The task: Read the lines below and count those that have the word "Street". Respond with the number only.

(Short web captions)
__________

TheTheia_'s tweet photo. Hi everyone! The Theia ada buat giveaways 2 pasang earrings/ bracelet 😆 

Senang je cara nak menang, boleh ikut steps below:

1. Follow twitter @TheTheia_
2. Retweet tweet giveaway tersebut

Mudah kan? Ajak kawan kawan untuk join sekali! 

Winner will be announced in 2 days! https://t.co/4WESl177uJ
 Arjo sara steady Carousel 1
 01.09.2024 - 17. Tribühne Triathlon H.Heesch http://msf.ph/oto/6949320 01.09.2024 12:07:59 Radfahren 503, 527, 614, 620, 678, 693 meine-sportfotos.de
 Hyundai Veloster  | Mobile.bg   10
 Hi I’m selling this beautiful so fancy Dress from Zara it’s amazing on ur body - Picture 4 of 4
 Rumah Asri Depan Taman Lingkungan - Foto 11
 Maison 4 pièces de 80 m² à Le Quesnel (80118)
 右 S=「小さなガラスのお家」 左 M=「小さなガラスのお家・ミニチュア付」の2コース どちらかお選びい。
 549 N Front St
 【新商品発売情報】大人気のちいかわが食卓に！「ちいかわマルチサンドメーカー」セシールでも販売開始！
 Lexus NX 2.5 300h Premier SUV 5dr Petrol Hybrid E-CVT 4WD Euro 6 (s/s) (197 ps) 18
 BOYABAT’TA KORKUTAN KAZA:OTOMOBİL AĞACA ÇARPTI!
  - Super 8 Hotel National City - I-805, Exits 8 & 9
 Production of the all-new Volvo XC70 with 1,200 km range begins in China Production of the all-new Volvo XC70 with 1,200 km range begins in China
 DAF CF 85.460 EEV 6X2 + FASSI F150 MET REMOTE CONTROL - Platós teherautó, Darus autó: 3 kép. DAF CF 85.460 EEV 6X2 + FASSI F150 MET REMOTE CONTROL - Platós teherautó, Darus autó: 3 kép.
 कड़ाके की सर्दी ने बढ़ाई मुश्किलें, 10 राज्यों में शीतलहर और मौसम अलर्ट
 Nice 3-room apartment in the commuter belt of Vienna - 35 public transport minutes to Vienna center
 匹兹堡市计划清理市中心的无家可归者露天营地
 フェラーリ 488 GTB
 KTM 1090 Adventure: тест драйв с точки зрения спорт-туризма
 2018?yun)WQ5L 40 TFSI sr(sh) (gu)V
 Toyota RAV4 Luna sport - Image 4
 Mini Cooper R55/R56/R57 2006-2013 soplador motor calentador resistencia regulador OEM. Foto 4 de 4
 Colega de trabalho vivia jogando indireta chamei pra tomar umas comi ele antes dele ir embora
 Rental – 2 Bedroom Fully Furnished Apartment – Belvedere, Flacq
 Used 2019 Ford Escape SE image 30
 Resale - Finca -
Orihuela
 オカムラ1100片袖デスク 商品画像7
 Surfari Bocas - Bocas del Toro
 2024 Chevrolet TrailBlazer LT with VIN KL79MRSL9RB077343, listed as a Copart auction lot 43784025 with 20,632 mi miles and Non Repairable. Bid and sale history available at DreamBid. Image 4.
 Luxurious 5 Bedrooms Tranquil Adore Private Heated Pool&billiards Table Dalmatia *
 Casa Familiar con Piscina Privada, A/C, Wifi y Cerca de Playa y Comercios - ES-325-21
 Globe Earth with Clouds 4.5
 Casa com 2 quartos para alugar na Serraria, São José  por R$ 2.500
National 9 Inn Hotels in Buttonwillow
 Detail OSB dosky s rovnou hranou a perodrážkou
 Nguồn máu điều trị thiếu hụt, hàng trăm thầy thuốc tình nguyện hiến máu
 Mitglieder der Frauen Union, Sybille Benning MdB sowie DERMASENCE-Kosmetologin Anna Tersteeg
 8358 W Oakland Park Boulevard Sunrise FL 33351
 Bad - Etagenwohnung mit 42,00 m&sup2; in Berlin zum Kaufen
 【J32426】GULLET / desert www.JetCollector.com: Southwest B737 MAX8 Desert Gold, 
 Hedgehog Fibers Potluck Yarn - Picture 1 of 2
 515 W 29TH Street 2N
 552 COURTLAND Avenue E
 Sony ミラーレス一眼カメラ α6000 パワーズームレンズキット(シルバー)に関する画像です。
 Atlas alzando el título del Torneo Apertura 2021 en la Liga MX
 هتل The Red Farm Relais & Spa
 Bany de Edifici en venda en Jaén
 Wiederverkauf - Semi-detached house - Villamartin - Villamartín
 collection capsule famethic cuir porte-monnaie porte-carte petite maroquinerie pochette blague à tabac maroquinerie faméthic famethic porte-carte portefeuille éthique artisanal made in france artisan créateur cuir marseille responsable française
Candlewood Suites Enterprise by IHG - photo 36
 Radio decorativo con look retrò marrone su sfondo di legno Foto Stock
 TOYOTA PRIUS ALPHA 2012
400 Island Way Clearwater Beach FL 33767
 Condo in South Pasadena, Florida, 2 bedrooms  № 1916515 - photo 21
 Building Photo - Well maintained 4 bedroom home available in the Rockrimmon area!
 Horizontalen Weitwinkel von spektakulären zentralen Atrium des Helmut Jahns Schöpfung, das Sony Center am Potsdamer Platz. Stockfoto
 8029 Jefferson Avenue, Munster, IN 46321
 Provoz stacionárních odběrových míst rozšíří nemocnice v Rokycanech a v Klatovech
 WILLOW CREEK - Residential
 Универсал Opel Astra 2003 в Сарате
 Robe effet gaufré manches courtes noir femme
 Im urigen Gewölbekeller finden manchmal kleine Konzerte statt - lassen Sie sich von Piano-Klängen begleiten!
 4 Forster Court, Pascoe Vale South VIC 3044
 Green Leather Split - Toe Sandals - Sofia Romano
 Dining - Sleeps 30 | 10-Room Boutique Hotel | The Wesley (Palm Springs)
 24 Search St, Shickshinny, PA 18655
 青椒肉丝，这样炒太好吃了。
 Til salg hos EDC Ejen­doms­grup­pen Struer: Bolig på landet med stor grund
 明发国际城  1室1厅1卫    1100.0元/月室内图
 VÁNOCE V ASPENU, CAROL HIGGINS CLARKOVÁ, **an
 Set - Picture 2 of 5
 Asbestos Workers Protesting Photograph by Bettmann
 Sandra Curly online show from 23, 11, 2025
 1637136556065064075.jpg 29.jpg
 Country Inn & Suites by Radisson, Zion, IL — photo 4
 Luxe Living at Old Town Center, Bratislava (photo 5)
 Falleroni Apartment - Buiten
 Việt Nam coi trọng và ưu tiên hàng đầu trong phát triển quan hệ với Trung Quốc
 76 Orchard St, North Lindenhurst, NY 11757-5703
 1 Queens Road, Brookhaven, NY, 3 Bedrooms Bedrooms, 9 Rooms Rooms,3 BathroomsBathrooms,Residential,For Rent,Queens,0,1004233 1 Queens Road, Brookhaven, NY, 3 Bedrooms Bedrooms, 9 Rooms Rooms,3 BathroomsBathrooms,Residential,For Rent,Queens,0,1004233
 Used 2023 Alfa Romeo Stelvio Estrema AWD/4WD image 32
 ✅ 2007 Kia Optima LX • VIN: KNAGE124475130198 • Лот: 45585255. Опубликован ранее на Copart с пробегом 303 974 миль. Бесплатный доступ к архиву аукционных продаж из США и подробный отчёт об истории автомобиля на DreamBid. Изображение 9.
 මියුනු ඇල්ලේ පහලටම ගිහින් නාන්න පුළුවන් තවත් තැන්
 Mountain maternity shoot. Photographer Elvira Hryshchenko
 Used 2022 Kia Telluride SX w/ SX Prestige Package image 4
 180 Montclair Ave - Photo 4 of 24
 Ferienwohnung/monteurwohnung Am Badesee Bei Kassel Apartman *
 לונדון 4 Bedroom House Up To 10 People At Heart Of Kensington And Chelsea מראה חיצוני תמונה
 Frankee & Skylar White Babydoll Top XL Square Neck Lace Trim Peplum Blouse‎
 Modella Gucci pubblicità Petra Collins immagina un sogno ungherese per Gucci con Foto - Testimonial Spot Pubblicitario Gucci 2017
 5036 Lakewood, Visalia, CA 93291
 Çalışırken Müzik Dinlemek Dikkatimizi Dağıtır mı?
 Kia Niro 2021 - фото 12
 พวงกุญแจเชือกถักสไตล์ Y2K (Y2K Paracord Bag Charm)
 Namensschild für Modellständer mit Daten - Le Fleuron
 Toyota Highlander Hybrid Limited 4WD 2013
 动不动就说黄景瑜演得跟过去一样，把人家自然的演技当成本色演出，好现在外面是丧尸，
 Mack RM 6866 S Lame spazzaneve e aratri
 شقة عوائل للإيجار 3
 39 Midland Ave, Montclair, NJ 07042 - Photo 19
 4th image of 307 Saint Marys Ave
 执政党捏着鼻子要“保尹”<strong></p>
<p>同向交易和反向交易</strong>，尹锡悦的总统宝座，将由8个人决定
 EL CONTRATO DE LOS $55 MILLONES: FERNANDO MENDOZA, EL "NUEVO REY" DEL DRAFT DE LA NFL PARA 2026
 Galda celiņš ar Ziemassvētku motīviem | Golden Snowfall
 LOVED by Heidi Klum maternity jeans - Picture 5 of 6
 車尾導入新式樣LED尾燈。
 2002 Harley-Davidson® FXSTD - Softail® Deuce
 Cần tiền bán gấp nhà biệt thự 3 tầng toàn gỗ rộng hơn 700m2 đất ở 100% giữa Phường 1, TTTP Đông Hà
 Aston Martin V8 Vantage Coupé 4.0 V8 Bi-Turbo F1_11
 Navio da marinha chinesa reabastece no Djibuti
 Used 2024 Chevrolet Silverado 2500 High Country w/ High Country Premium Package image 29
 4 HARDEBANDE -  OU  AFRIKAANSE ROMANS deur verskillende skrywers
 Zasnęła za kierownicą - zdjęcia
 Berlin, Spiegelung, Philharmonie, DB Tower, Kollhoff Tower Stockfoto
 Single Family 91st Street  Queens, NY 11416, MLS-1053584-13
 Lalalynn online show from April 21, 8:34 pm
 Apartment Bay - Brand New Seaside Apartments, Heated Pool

__________

Response to the task: 2